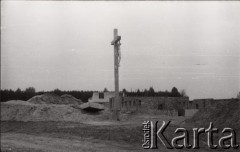 1973, Zbrosza Duża, powiat Grójec, Polska.
Budowa kościoła zainicjowana przez księdza Czesława Sadłowskiego w 1969 r., pozwolenie na budowę uzyskano w roku 1972, prace rozpoczęto 6 marca 1973. Budowa, której patronował kardynał Stefan Wyszyński była w okresie PRL-u symbolem oporu wobec władzy państwowej. Krzyż z figurą ukrzyżowanego Chrystusa na placu budowy.
Fot. NN, zbiory Ośrodka KARTA, udostępnił ks. Czesław Sadłowski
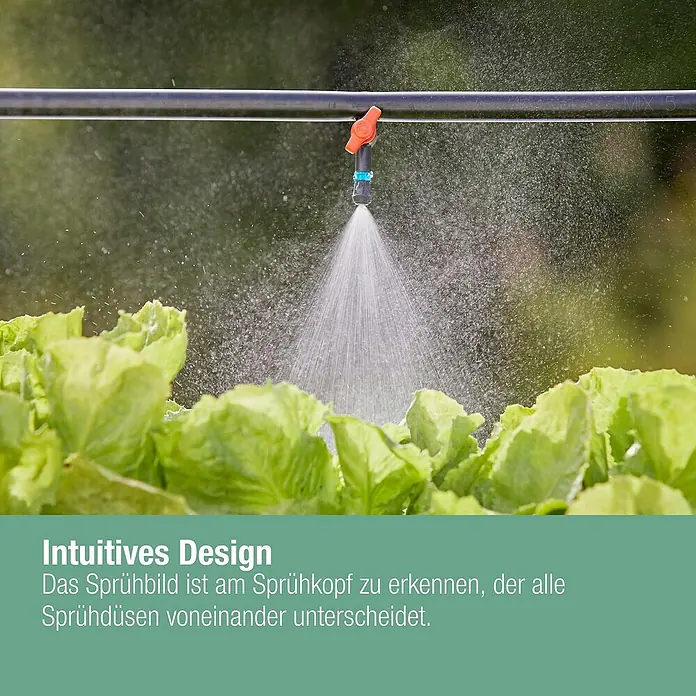 Gardena Micro-Drip Nebeldüse - 1/2" x 13 mm - Bewässerungssystem: Düse sprüht Wasser auf grüne Salatpflanzen, für eine optimale Bewässerung im Garten.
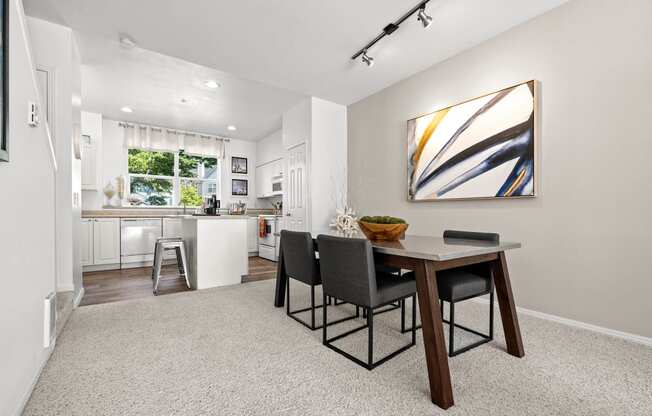 a dining area with a table and chairs and a kitchen in the background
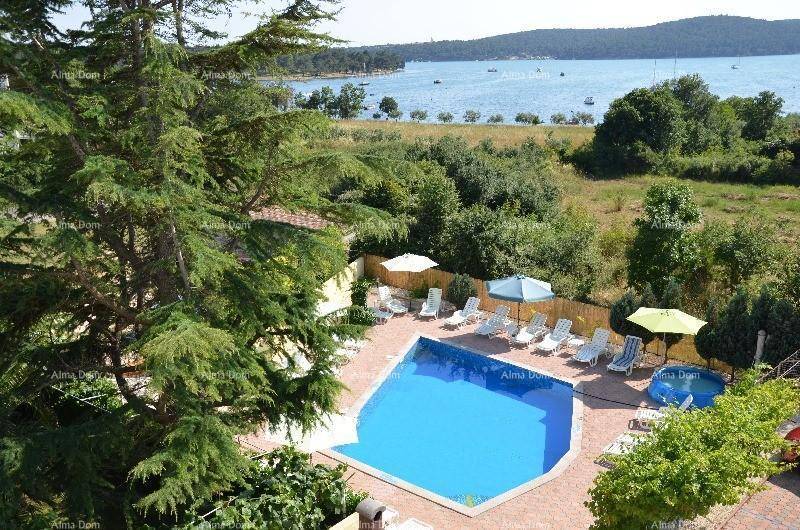 Weitläufiger Blick auf den Poolbereich, den Garten und das Meer in der Ferne.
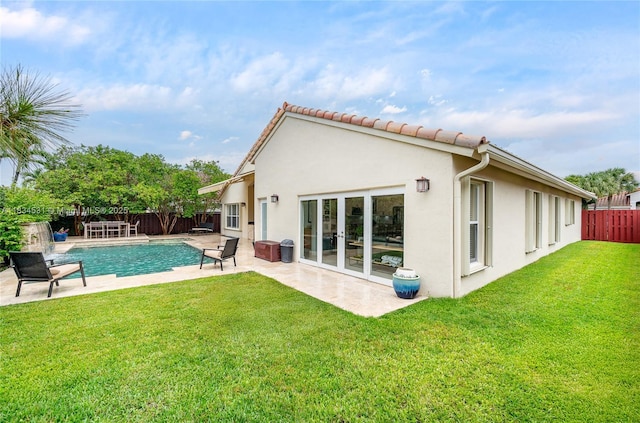 1583 SW 191st Ave, Pembroke Pines, FL 33029 - rear view of property with a fenced backyard, stucco siding, a patio area, and a tiled roof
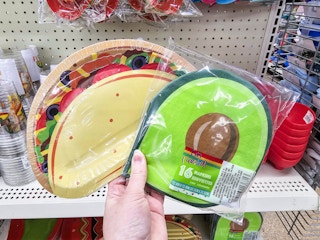 person holding a pack of taco themed paper plates and avocado themed napkins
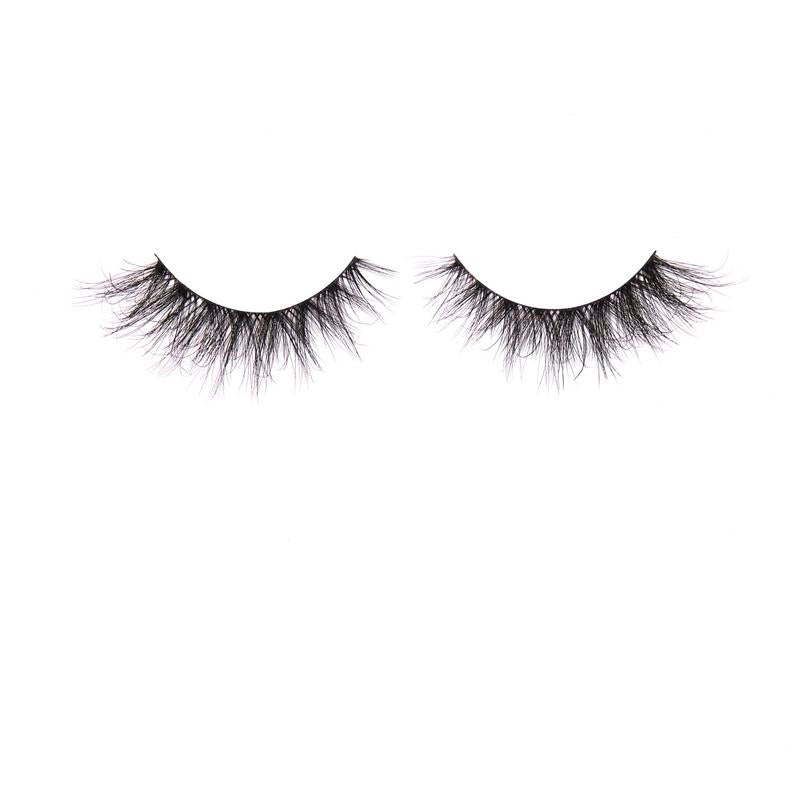 Pair of false eyelashes on a white background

> _WHAT YOU ARE ASKED TO DO_: The expected output is an exact retyping of the lines from the line with "1583 SW 191st" through the last line of the data, with both ends kept and the pictures dropped.

> _RESULT OF THIS TASK_:
 1583 SW 191st Ave, Pembroke Pines, FL 33029 - rear view of property with a fenced backyard, stucco siding, a patio area, and a tiled roof
 person holding a pack of taco themed paper plates and avocado themed napkins
 Pair of false eyelashes on a white background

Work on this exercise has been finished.